WHAT YOU HAVE TO DO:
No line before the one holding "De Mexicaanse mobiele" is wanted; restate word for word that line and all lines after it to the end of the entries, excluding pictures.

Dataset entries:
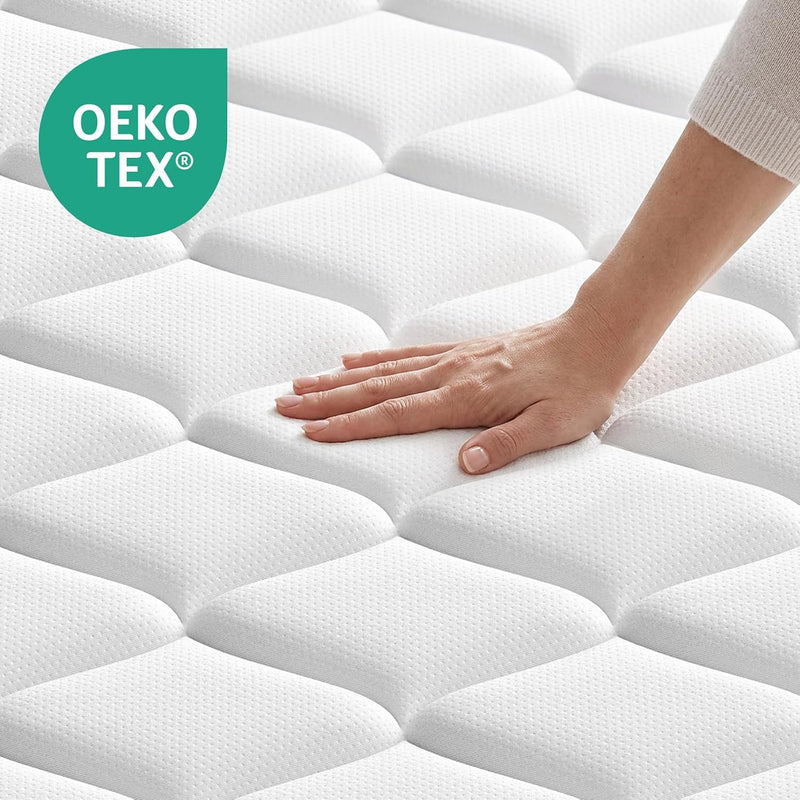 Mattress 22CM Pocket Sprung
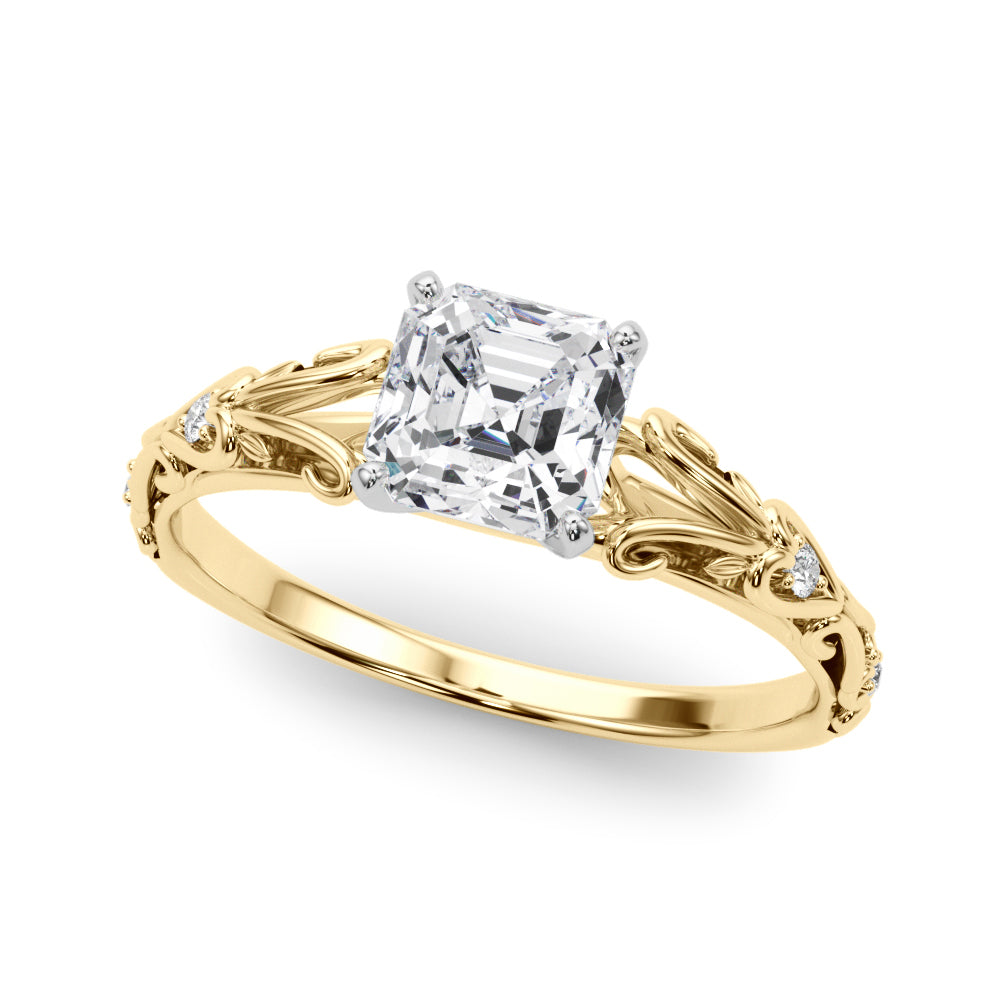 Enchanted Vine Ring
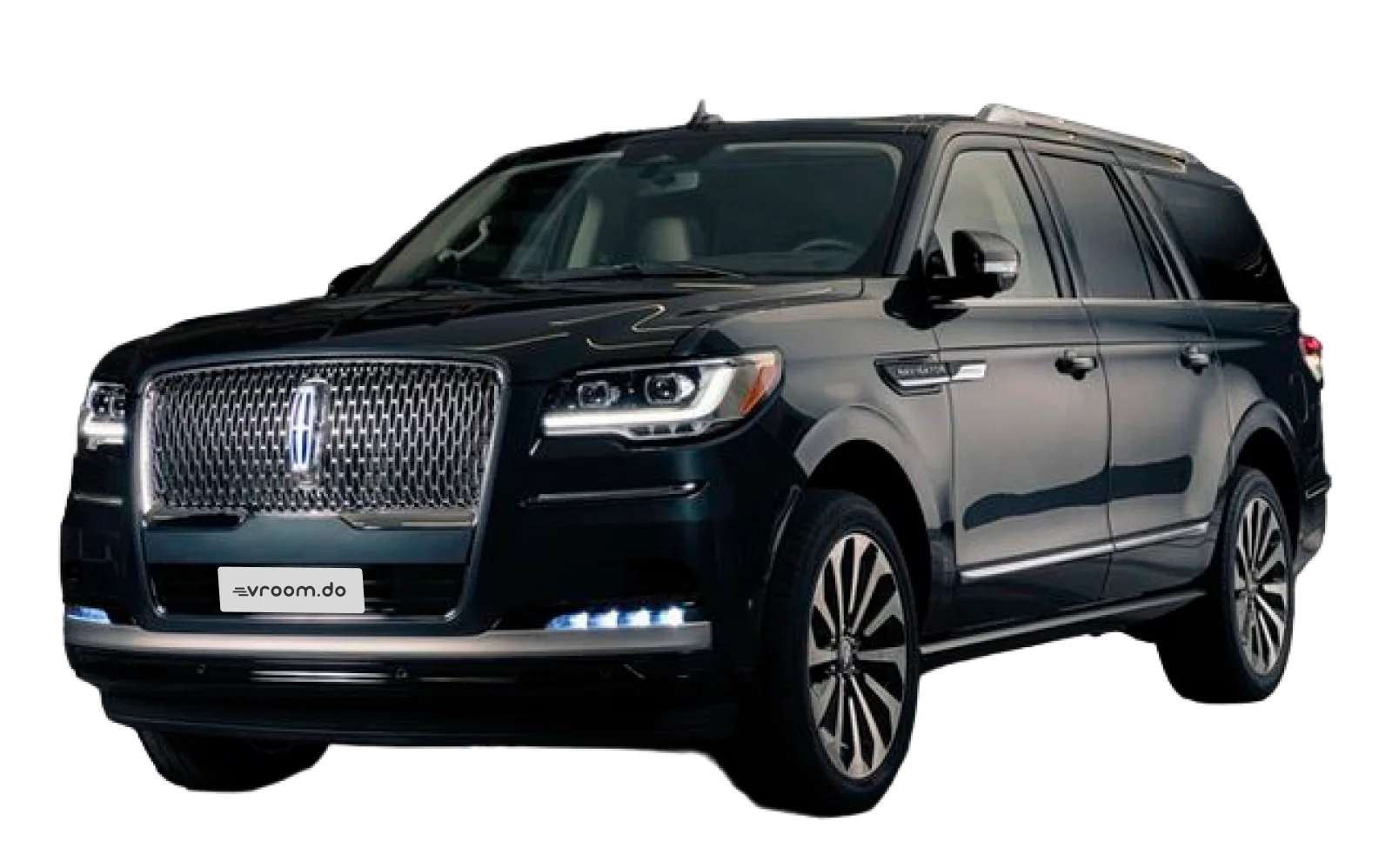 Wynajem Lincoln Navigator w Punta Cana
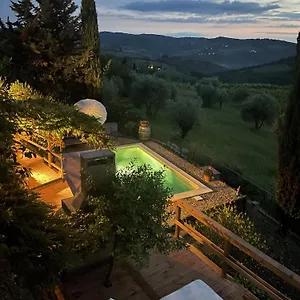Casa Panzano Tuscany Apartment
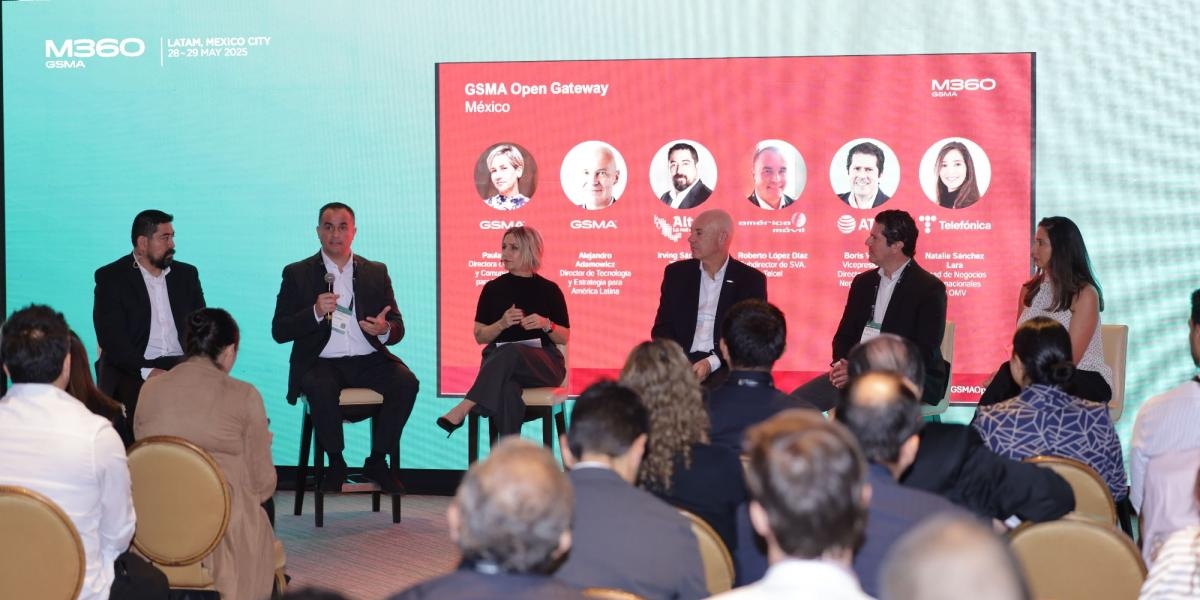 De Mexicaanse mobiele industrie gaat digitale applicaties en diensten ontwikkelen met de GSMA Open Gateway.
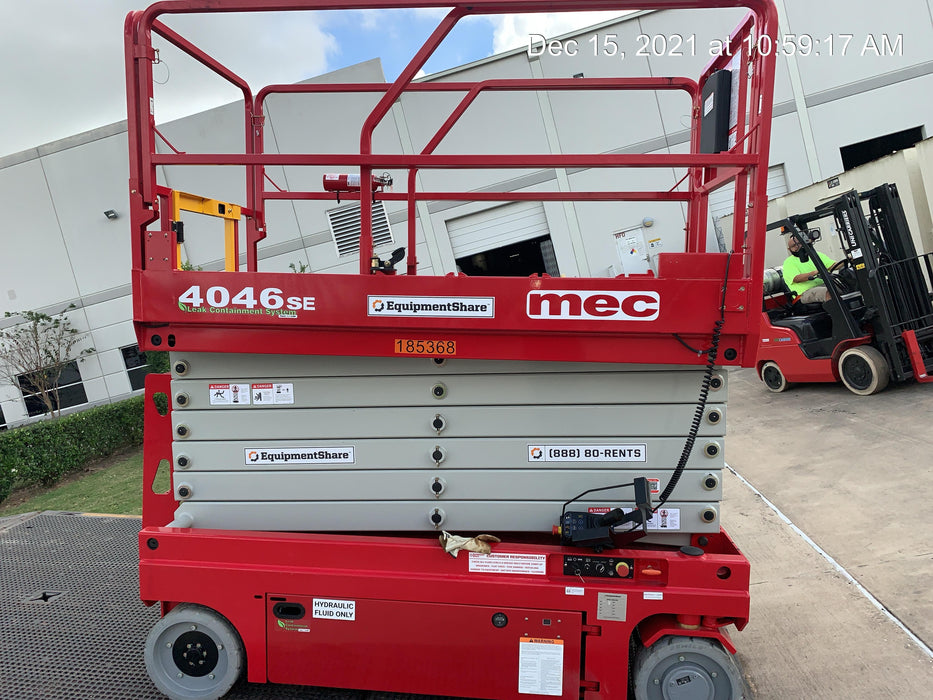 2021 MEC 4046SE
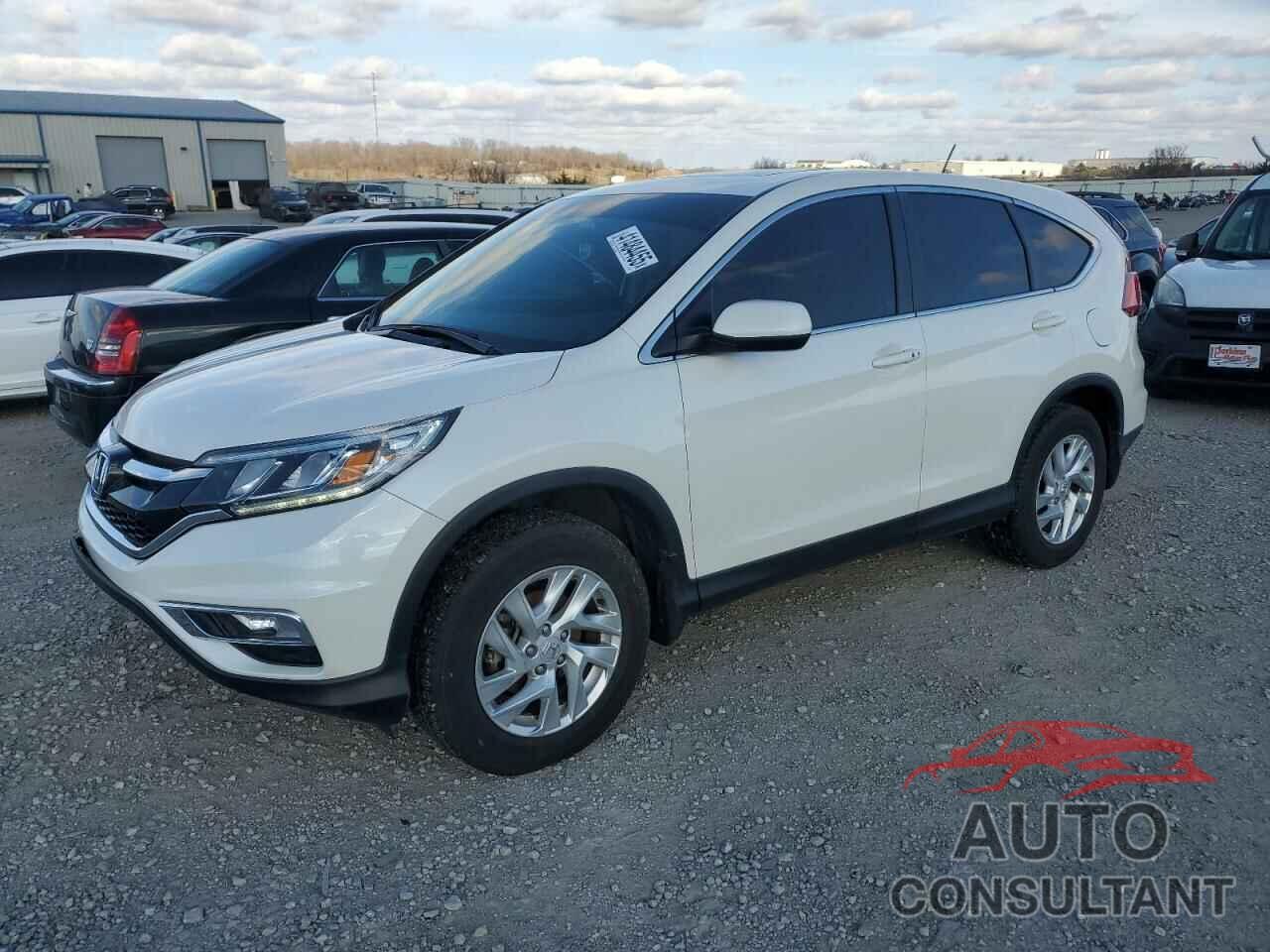 HONDA CRV 2016 - 5J6RM4H53GL140274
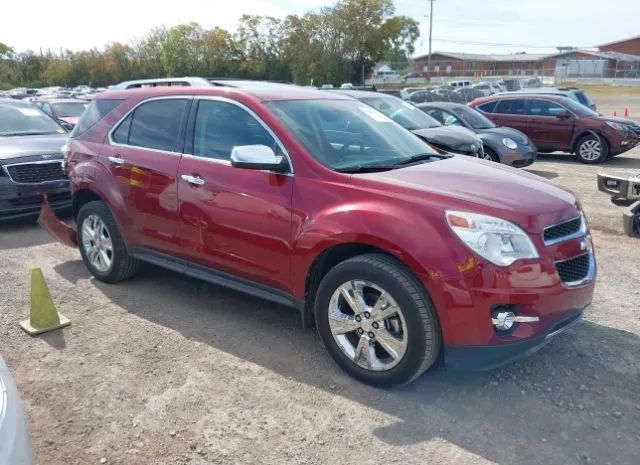 CHEVROLET EQUINOX 2012 2gnflge5xc6309136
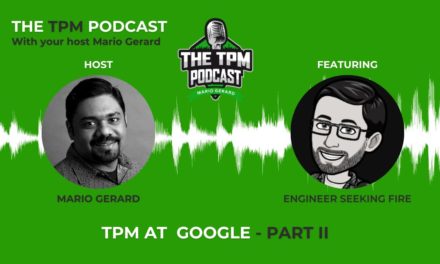 TPM at Google: Comparing TPM Roles at Amazon, Microsoft & Google – Part II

ANSWER TO THIS TASK:
 De Mexicaanse mobiele industrie gaat digitale applicaties en diensten ontwikkelen met de GSMA Open Gateway.
 2021 MEC 4046SE
 HONDA CRV 2016 - 5J6RM4H53GL140274
 CHEVROLET EQUINOX 2012 2gnflge5xc6309136
 TPM at Google: Comparing TPM Roles at Amazon, Microsoft & Google – Part II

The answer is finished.